Deste modo, para os liberais, as eleições presidenciais de 1972 apenas reconfirmavam que o marcelismo não tinha intenções reformistas. O indício desta falta de vontade de mudança vinha de trás, pelo menos desde a discussão da revisão constitucional em 1971. Nesta ocasião, fora rejeitada uma das principais bandeiras políticas dos deputados liberais, a reposição do sufrágio universal na eleição do Presidente da República, que era então escolhido por um colégio eleitoral composto por deputados à Assembleia Nacional e procuradores à Câmara Corporativa.
ELEIÇÕES LEGISLATIVAS DE 1969
A 26 de Outubro de 1969 realizaram-se eleições para a Assembleia Nacional, o primeiro acto eleitoral após a substituição de Oliveira Salazar por Marcelo Caetano na chefia do Executivo.

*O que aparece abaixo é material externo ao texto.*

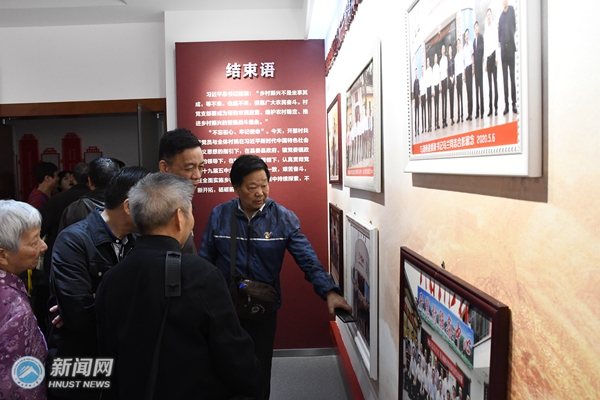 2参观杨开慧纪念馆1.JPG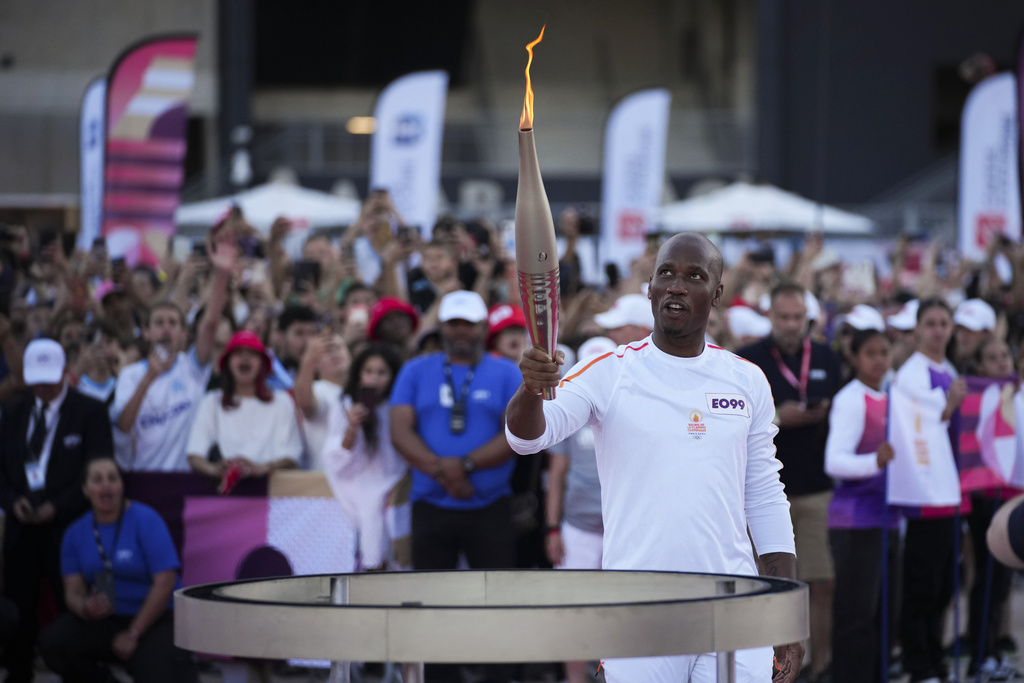 Ngọn đuốc Olympic đi qua thành phố Marseille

O novo líder gerara grandes expectativas entre os sectores reformistas do regime, mas também entre as oposições, acreditando alguns que se caminhava para a instauração de um regime democrático de tipo parlamentar. Caetano parecia querer atrair para dentro do regime uma oposição moderada não-comunista, tendo até Mário Soares sido convidado a integrar as listas de candidatos a deputados pelo partido do Governo (o que o mesmo recusou).
Dentro deste espírito agregador, um grupo de dezanove “liberais” também foi convidado. Quatro deles, Francisco Sá Carneiro, Joaquim Macedo Correia, Joaquim Pinto Machado e José da Silva, todos do círculo eleitoral do Porto, impuseram como condição não aderirem formalmente ao partido do governo (agora designado Acção Nacional Popular) e ser publicado na imprensa um comunicado esclarecendo que tinham aceitado o convite por lhes ter sido “apontado publicamente a instauração [de um regime] de tipo europeu ocidental como meta final da sua actividade política”. Nele afirmaram ainda que a sua acção seria orientada “essencialmente no sentido da rápida e efectiva transformação política, social e económica do País”, em que “o exercício efectivo dos direitos e liberdades fundamentais consignados na Constituição e na Declaração Universal dos Direitos do Homem” era condição absoluta.
A estranheza que o comunicado causou a Marcelo Caetano levaria Sá Carneiro a querer desistir da candidatura, o que não sucedeu. Eleito deputado, só se demitiria de funções no início do ano de 1973, à medida que se foi dando conta de que “ao confronto de posições, à liberdade de acção e de discussão, à vivacidade das diferenças, substitui[u]-se gradualmente, imposta intransigentemente por uma maioria quase silenciosa que a si própria se intitula[va] de esmagadora, a uniformidade de um apoio sistemático e exclusivo ao Governo”. “Exteriormente corporativo e maurrassiano pelo interior, a lógica da imutabilidade [do regime] conduz[ia] à situação em que acaba[va] a décima legislatura” (Expresso, 28 de Abril de 1973).